I wonder if there is available data or studies that show that sociology students are better prepared to work in group settings than those of other majors.

And would people in other disciplines read this pitch of Brooks?

Watching social interaction in the bouncy castle/moon bounce

A New York Times parenting blog explores how children interact with each other in a bouncy castle/moon bounce. Within a short period of time, the interaction moves from pure mayhem to the forming of powerful tribes:

Initially, the children bounced in random joy. They screamed and flailed about. It was pure mayhem, only rarely interrupted by a call for a parent to “watch this” and “look at this.” There was little collaboration among the children at this stage…

For as the first wave of youthful energy burned off, the children settled down and started to recognize the other. They tentatively reached out, jumping together as they held hands. It was simple collaboration accompanied by squeals of delight…

Then came the teams. Neanderdad was surprised to see kids in his children’s age group start build alliances. Three or four tikes would bounce together and exclude the other kids from their area. Those kids would, in turn, form their own factions and stake out territory as well…

After the small teams came the bouncy tribes. As all the territory inside the Bouncy Castle became claimed, conflicts between teams developed.  As a result, smaller groups merged to make themselves stronger. This co-opting processing progressed until only two large tribes remained…

When things seemed be getting a bit too heated, Neanderdad and other fathers were forced to step in and break up the door monopoly and disband the teams.
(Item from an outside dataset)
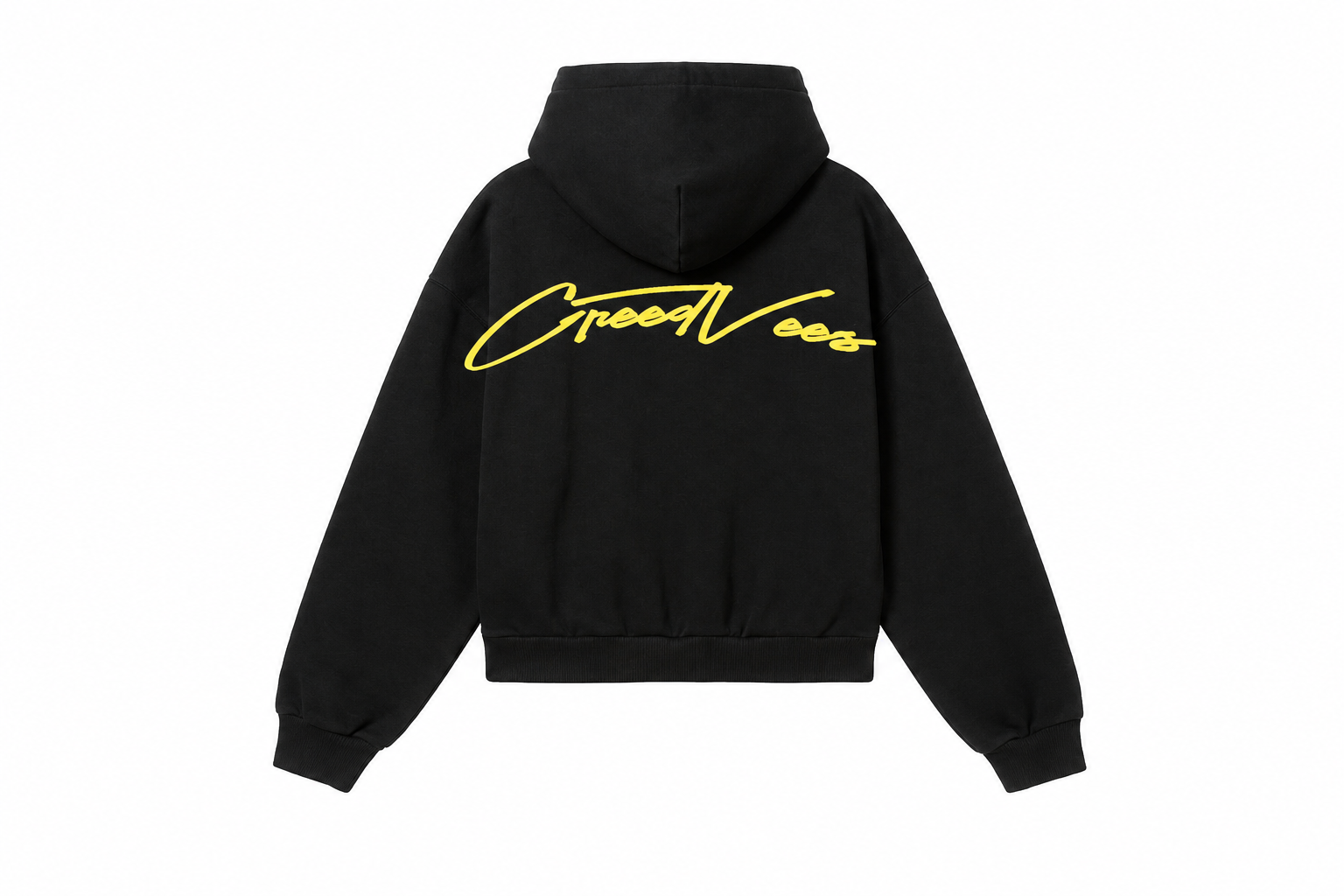 CV HOODIE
Interestingly, once the conflict was defused, the children on both sides suddenly seemed to lose interest in the Bouncy Castle.

What is most interesting to me is that these are young kids working through patterns of interaction. Very quickly, they band together and stake out territory. Is this a real life version of Lord of the Flies? Would this sort of behavior hold true across cultures? Where exactly do children develop this process?
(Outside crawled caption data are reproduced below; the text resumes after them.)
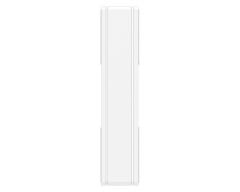 ID-COOLING AF-125-W White 12cm 4Pin PWM Beyaz Kasa Fanı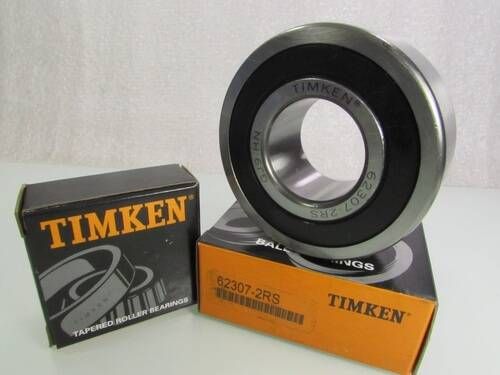 62307-2RS TIMKEN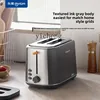ZK Breakfast Toast Toaster Toast Household Multifunctional Toaster 2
Next time I see one of these moon bounces in action, I may just have to look more closely.

(An odd side note: the title of the blog post is “the sociology of the Bouncy Castle” while the second paragraph suggests the author is turning “an anthropological eye on child’s play.” Sociology or anthropology? Perhaps both – but this doesn’t help the perception among some that the disciplines are the same.)

Unselfish people not liked by fellow group members

When working in small groups, each person plays certain roles. If someone is unselfish, recent research suggests this does not lead to popularity among other group members:

Unselfish workers who are the first to offer to help with projects are among those that co-workers like the least, according to four separate social psychology studies.

In the most recent study, entitled “The Desire to Expel Unselfish Members from the Group,” psychologists found that unselfish colleagues come to be resented because they “raise the bar” for what’s expected of everyone. As a result, workers feel the new standard will make everyone else look bad.

“It doesn’t matter that the overall welfare of the group or the task at hand is better served by someone’s unselfish behavior. What is objectively good, you see as subjectively bad,” said study co-author Craig Parks of Washington State University. The paper was published in the Journal of Personality and Social Psychology.

This is an interesting finding. The article goes on to say that some of the other participants thought the unselfish person had ulterior motives. The unselfishness was unsettling for other participants who sounded like they expected each person to play for themselves rather than think about the greater good.
I wonder if these findings would be any different if the participants were not all undergraduate students. And what would it take for groups to accept the unselfish behavior – repeated offers to help from the unselfish member, time, failure on the part of other members?